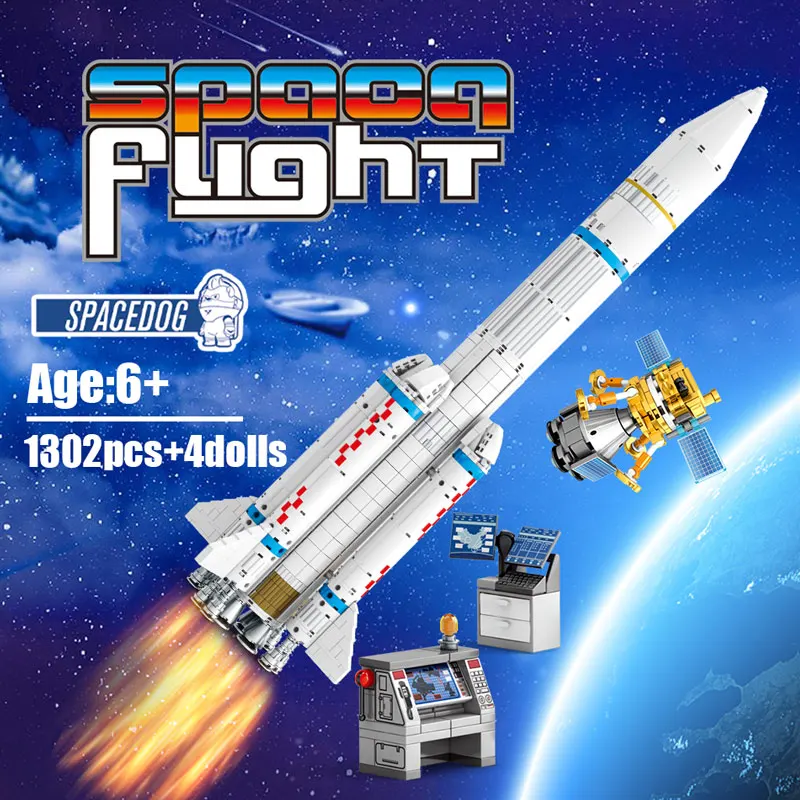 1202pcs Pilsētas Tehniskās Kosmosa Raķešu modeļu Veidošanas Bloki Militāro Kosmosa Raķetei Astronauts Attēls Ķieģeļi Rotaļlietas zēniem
--
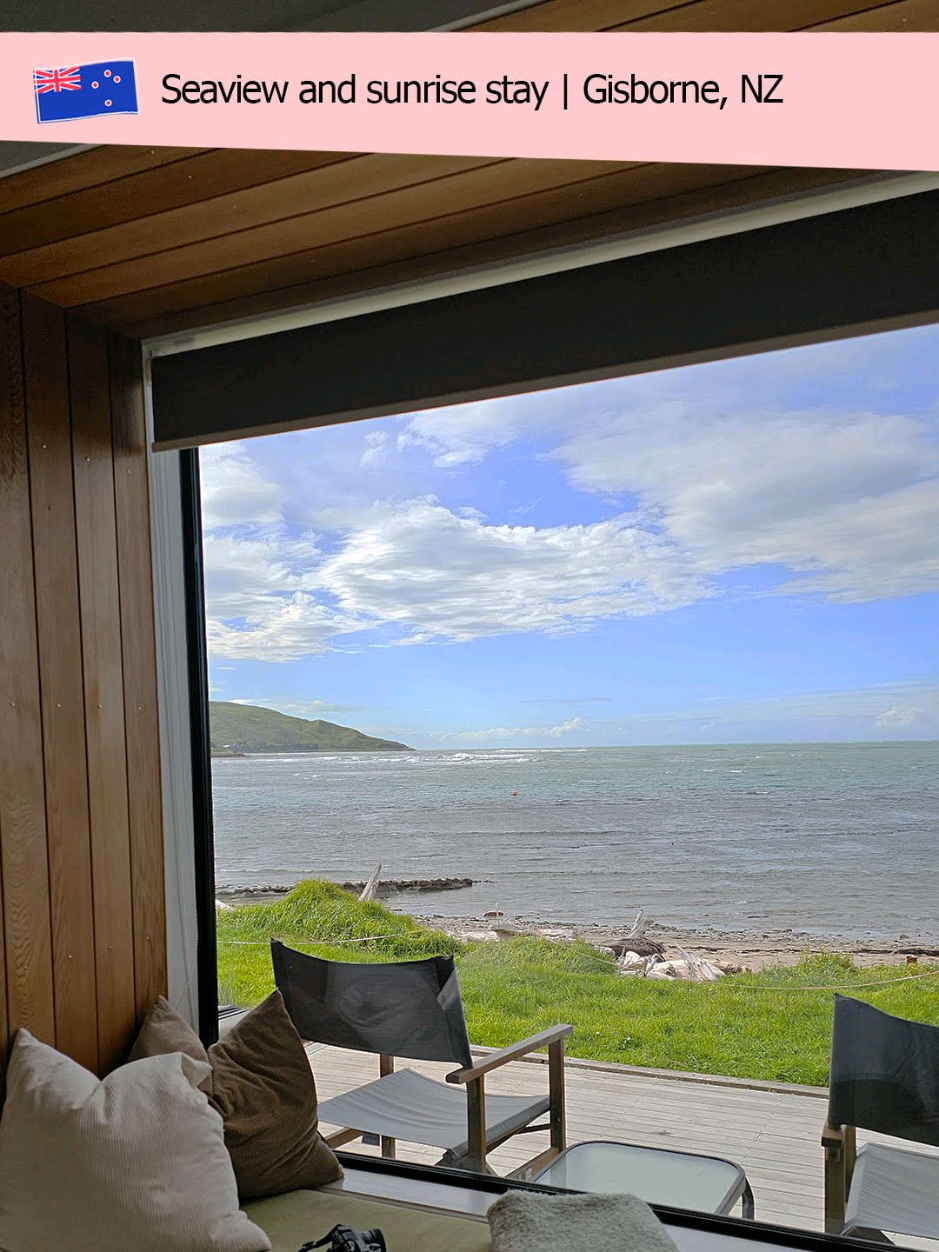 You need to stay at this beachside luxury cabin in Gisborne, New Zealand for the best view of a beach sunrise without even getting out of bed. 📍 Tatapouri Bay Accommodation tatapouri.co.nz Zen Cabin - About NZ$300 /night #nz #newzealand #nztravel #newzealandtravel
==
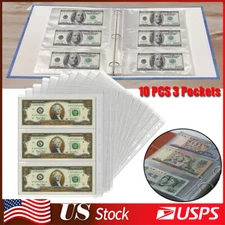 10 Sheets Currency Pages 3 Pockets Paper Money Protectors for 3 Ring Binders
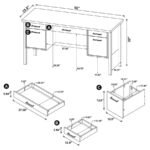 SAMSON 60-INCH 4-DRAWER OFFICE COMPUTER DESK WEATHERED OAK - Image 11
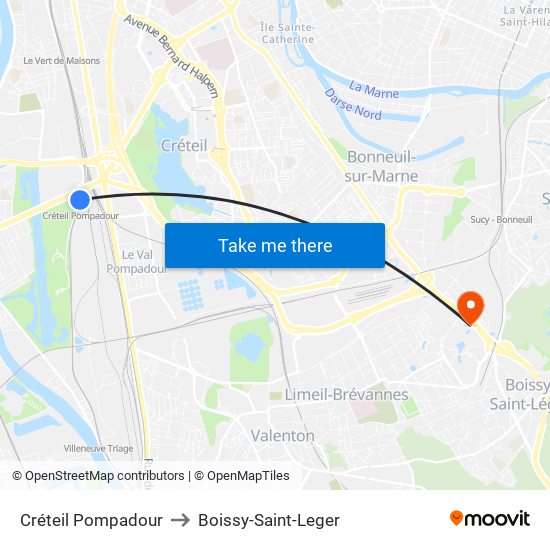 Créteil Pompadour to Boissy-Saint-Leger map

_What you have to do_
Leaving every picture aside, reproduce exactly the lines above from the one with "SAMSON 60-INCH 4-DRAWER" up to and including the one with "Créteil Pompadour to Boissy-Saint-Leger map", and no others.

_Result of this task_
 SAMSON 60-INCH 4-DRAWER OFFICE COMPUTER DESK WEATHERED OAK - Image 11
 Créteil Pompadour to Boissy-Saint-Leger map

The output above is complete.